Shock Asked: do i need a audio interface?
im trying to get a little recording studio in my room im going to buy software the mic but i need to know should i get a audio interface or can i just buy a mixer. or do i need a mixer for the interface to work.,,,,,sorry i dont know alot about this stuff thats why im asking
A mixer is Ok.
mixers give you flexibility, you can do alot with the track with a mixer(eq,fade,gain)
if your just recording a few tracks, you can get away with out using a mixer, in this situation your audio interface will need an audio interface with a preamp built in, or a seperate microphone preamp before the interface. like:
this interface has no preamp, but this preamp can go before the interface.
(your interface will need a L and R out(left and right) for the left and right studio monitor speakers)
If you choose a mixer, there is a few options.
if you get an analog mixer, you will need an audio interface as well. it would go from the channel direct outs on your mixer(make sure the direct outs are post fader if you want to fade and eq it on the mixer and not on the software in the recording stage) to the interface inputs, to your computer with usb or firewire.(depending on your interface) most digital mixers have usb or firewire and can directly connect to your computer.(if an analog mixer has a usb it can connect but it will record everything as one track on your software.)
some digital mixers have special l and r outputs for studio monitors. otherwise you can probably use the main outputs for studio monitors.
these are good examples of digital mixers.
inserts can be used as direct outs by plugging it in at the first click, it will be unbalanced but can be made balanced with a DI like this.
Mixers are analog machines. So if you buy a totally analog mixer, you need to connect the main outputs to a small 2 channel interface/AD converter in order to feed to the PC
Let me explain it to ya. Your setup can be of many type. If you are using a entry level analog mixer, what happens is you only get the main L and R analog outs. Then you still need an interface or A/D converter to feed the data digitally to your computer. The drawback is that, you cannot record individual tracks or put FX on them. The final mix reaches in your computer. So, if you want FX either the mixer has some onboard or you use outboard FX. Nowdays there are many mixers that say USB. None of them will let you record more that 2 channel (the final mix) unless they specifically say that with built in 16×4 or 16×8 interface.
Digital mixers are ones that convert the data to digital before anything else. All the work is then done digitally and output using a D/A converter to the speakers or digitally sent to your PC. What they have more is that many of them can communicate with your computer and can be used as a control surface to control your software too.
For your home studio, I think you'll save space and money if you get an interface. If you are recording yourself and a keyboard simultaneously, all you need is an interface with 4 input and 2 output. If you have outboard FX or plan to use them soon, get an interface with lots of outputs.

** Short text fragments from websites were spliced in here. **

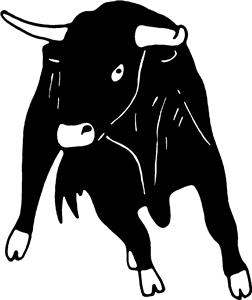 Charging Bull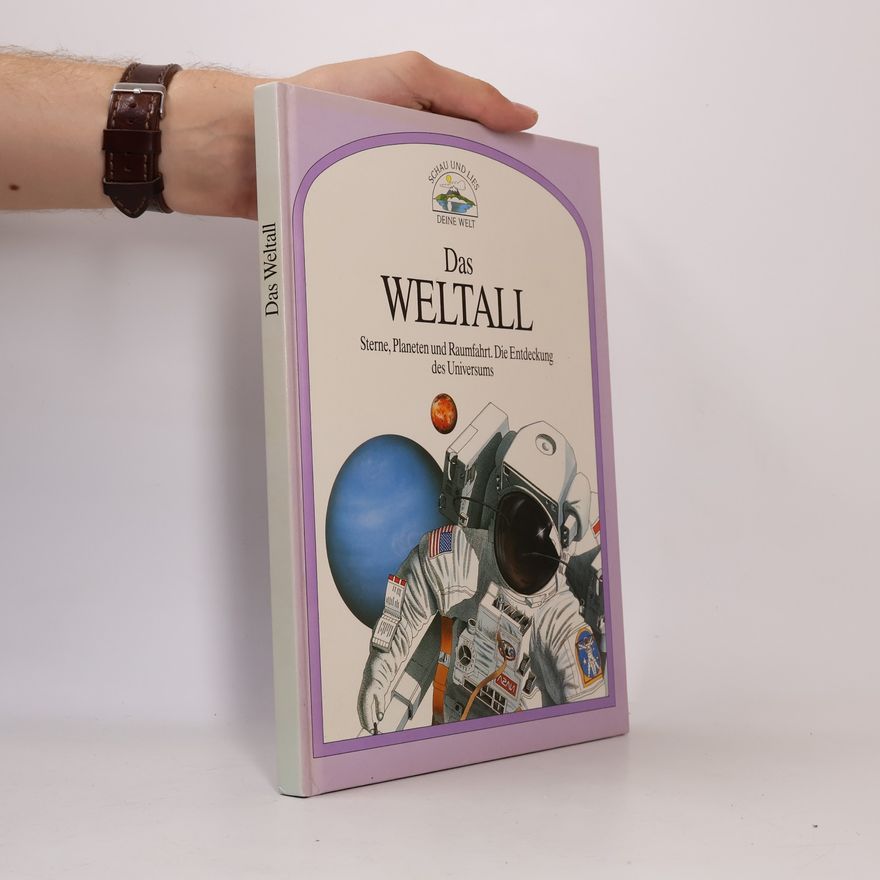 Various authors Das Weltall
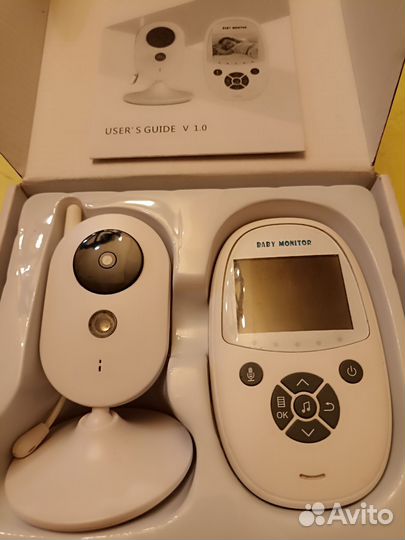 Видеоняня Wireless baby monitor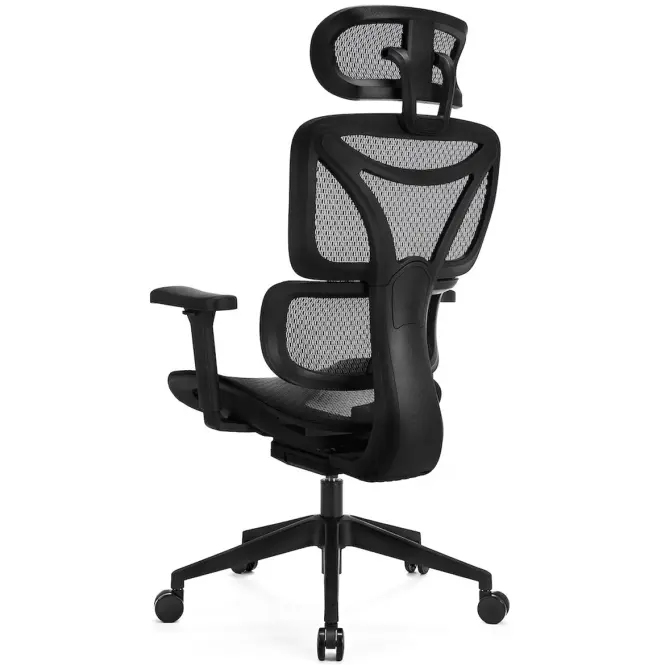 Szék Control Series Lv0654 Fekete,8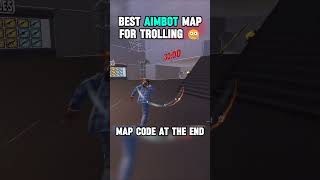 Aimbot map 🤪 fortnite fortnitetrolling fortnitefunny fortnitememes fy fortniteaimbot fyp [upl. by Elsey]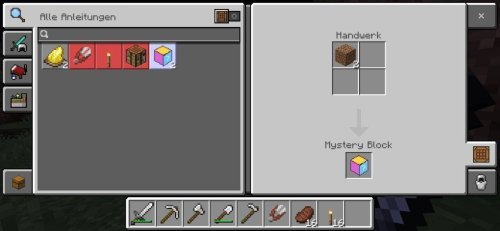 Random Blocks Addon for Minecraft Bedrock: Mystery Block Guide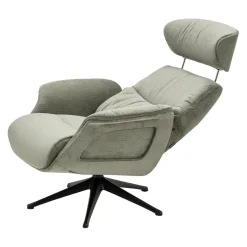 FLEXLUX Sessel Fashion Clement blassgrün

I highly recommend the Line 6 POD Studio UX2 if you are recording electric guitars too. Or get a Tascam US-600. If you plan to record a small band soon, get a Tascam US-1800. Smokin stuff!!
If you want to get one that you can rely upon even if it costs a bit more, there are MOTUs. They are amazing. The 8pre and 828mkII are good. If you have a bit lower budget take a look at the Focusrites and Mackies.Saffire 24 or Saffire 40 from Focusrite is truely great. And the Mackie onyx Blackbird is great too. There is a lot to choose from.
Some Interfaces support mics directly.
You might be better off with a digital mini mixer. Those have the audio interface built in, have several inputs and effects loops, and can often record themselves, and/or act as a control surface for your editing software.